Minerals Council urges miners to avoid Easter travel
JOHANNESBURG - THE MINERALS Council South Africa has urged mine employees to avoid travel where possible and to behave responsibly if travel is unavoidable ahead of a possible third wave of the Covid-19 pandemic.
The council, which represents 80 percent of the mining industry, yesterday advised mining companies to discourage employees from travelling over Easter where possible, and chief executives, management and union leadership should be seen to be leading by example.
The council recommended that public holiday work incentives should be used to encourage employees not to take leave over the long weekend and, where possible, the offer of four days’ leave later in the year should also be considered.
It said existing measures related to high-risk travel and high-risk activities should be maintained, such as negative polymerase chain reaction or antigen test and additional workplace exclusion following international travel or after an employee attended a funeral.
The council said it was aware that a significant post-Easter spike in infections, with a subsequent increase in hospitalisations and deaths, would have serious negative consequences for the industry, the economy and all South Africans.
“With that in mind, we call on employees and communities to exercise extreme caution over the long weekend, to avoid travel wherever possible, and to behave responsibly if travel is unavoidable,” said the council.
The call for mine employees to avoid travelling during Easter follows a special meeting about how to manage a possible third wave of Covid-19 around the Easter weekend.
“It is clear from expert inputs that the approaching Easter long weekend and other public holidays, as well as school holidays, could lead to a major surge in infections, hospitalisations and deaths,” said the council.
When South Africa experienced a second wave in December and January, the mining industry saw a rise in infection levels when employees were away from work.

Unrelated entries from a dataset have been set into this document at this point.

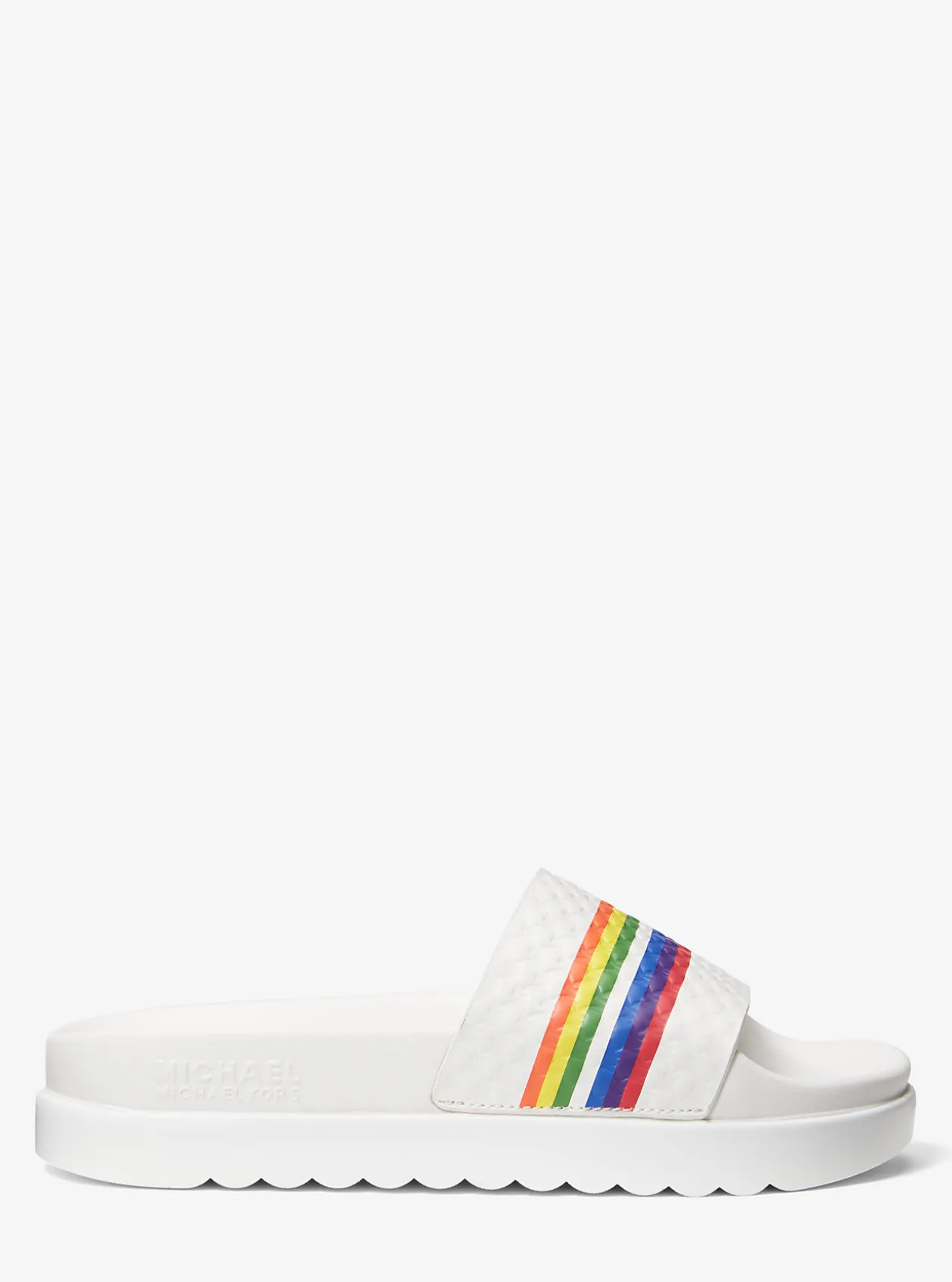 Tyra Rainbow Stripe Embossed Leather Slide Sandal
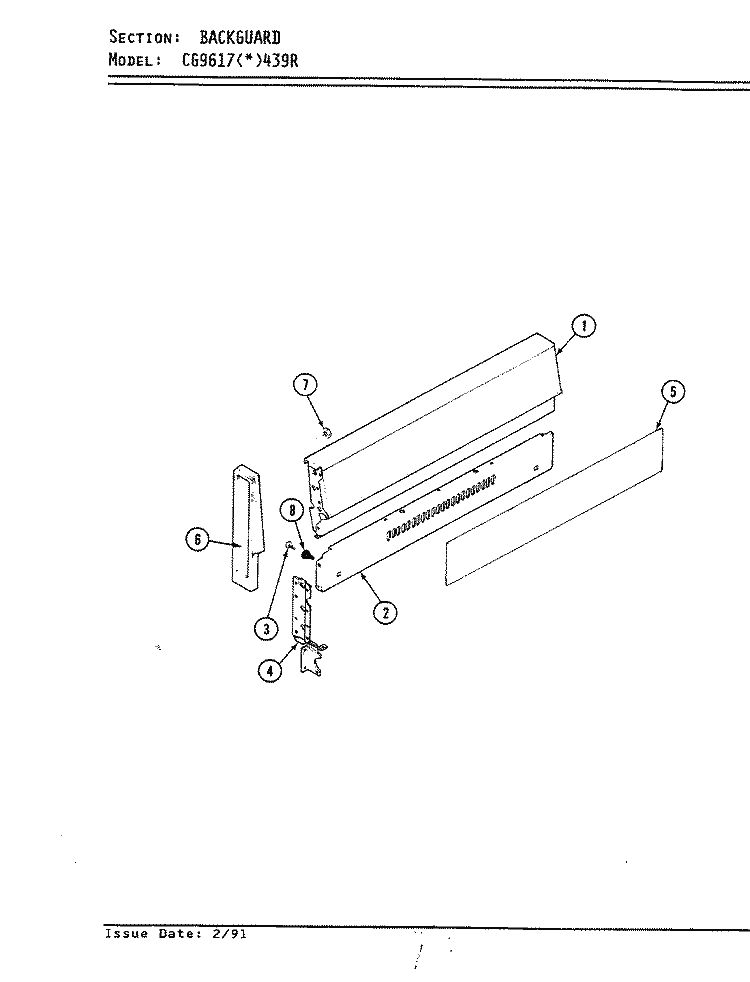 CONTROL PANEL Diagram and Parts List for CG9617W439R  Hardwick Range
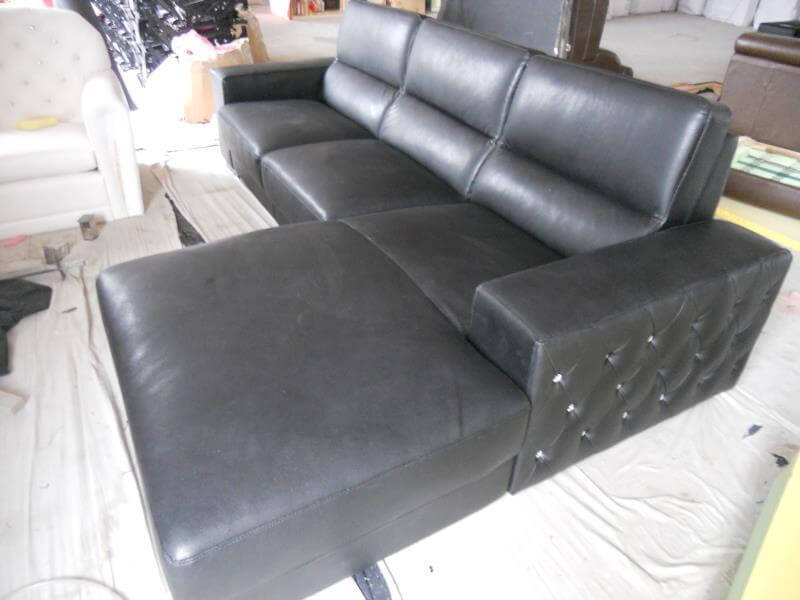 Living Room Furniture, Genuine Leather Sofa Sectional, Black - NOFRAN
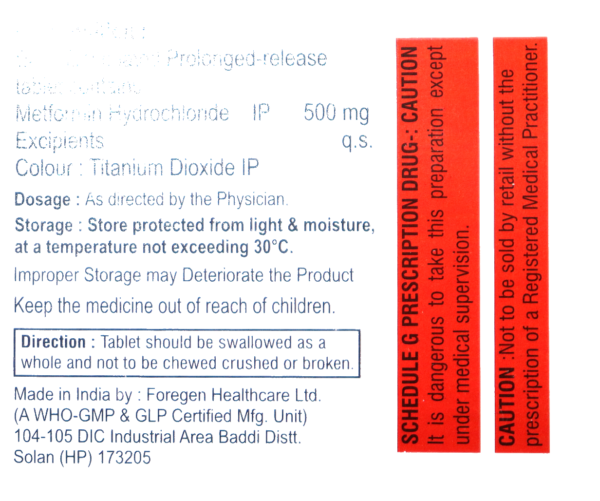 NB-BIOMET 500 SR (metformin hydrochloride prolonged-release tablets lp 500mg) - Image 2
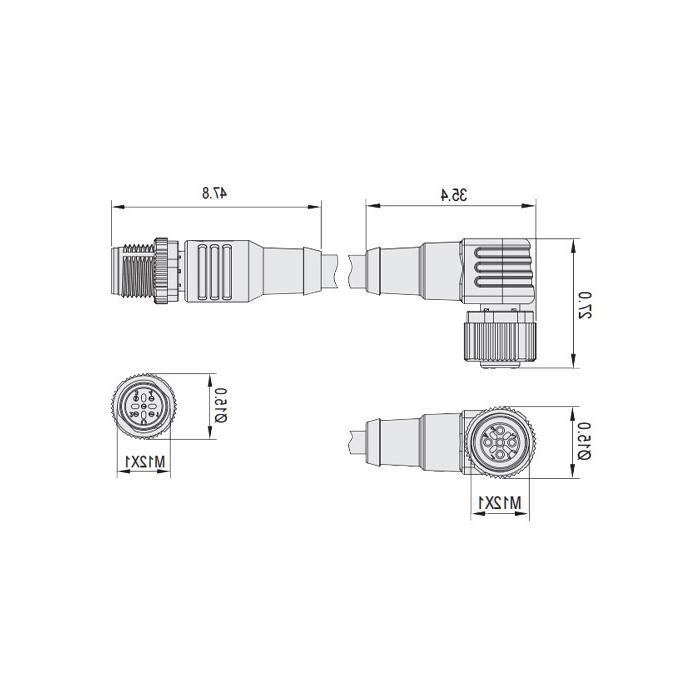 M12 4Pin、母头90°带LED灯转M12公头直型、双端预铸防焊渣PUR柔性电缆、橙色护套、64T123-XXX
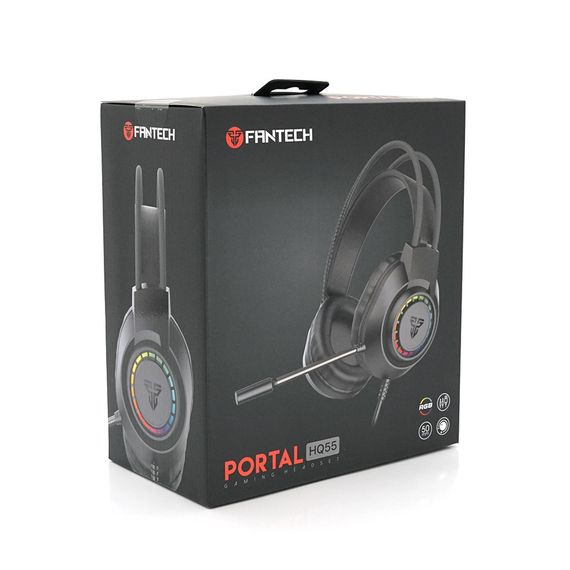 Ігрові навушники з мікрофоном Fantech HQ55 PORTAL, 7.1-Channel, RGB, Black | Зображення 2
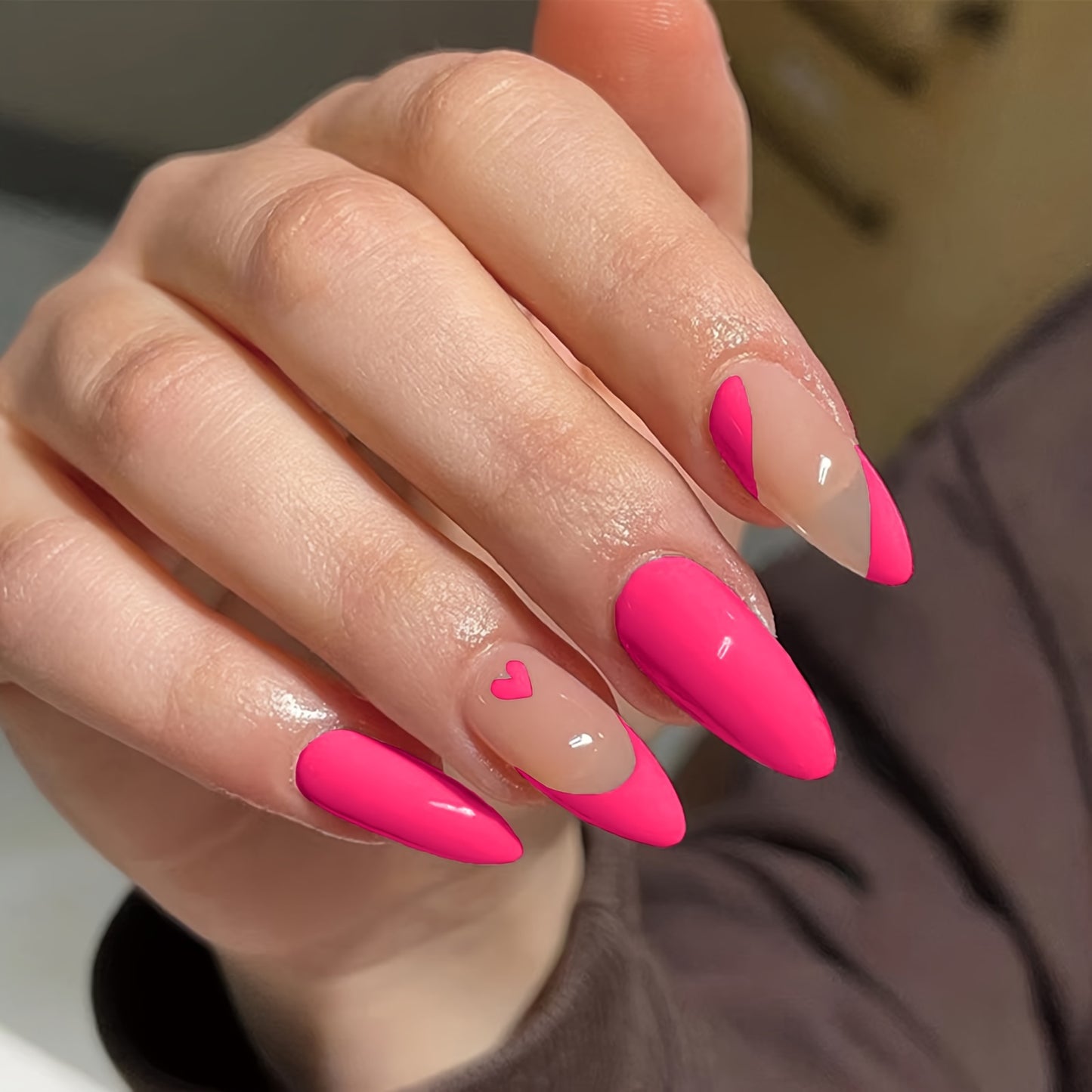 24Pcs Almond Shape Red French Press On Nails - Medium Length, Golden Wave, Matte Finish, Full Cover, Heart-Shaped, Artificial Acrylic Nails for Women and Girls - Perfect Valentine Nail Decoration, Easy to Apply, Long-Lasting,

Of the industry’s 473 750 employees, to date there have been 32 908 positive Covid-19 cases, 133 active cases and 375 deaths.
The number of recoveries was 32 400.
More than a year ago, President Cyril Ramaphosa declared a nationwide lockdown, during which Mineral Resources and Energy Minister Gwede Mantashe conducted several unannounced mine visits to assess compliance by mining companies to the lockdown regulations.
All mines were required to, among other things, conduct a risk-based assessment covering all workings at mines, reduce the number of employees transported on public transport per shift and, where applicable, reduce the number of shifts per day.
The primary objective of the government’s interventions was to ensure that as many people as possible were protected from Covid-19 and that the mining sector could bounce back from this challenge when the lockdown was lifted.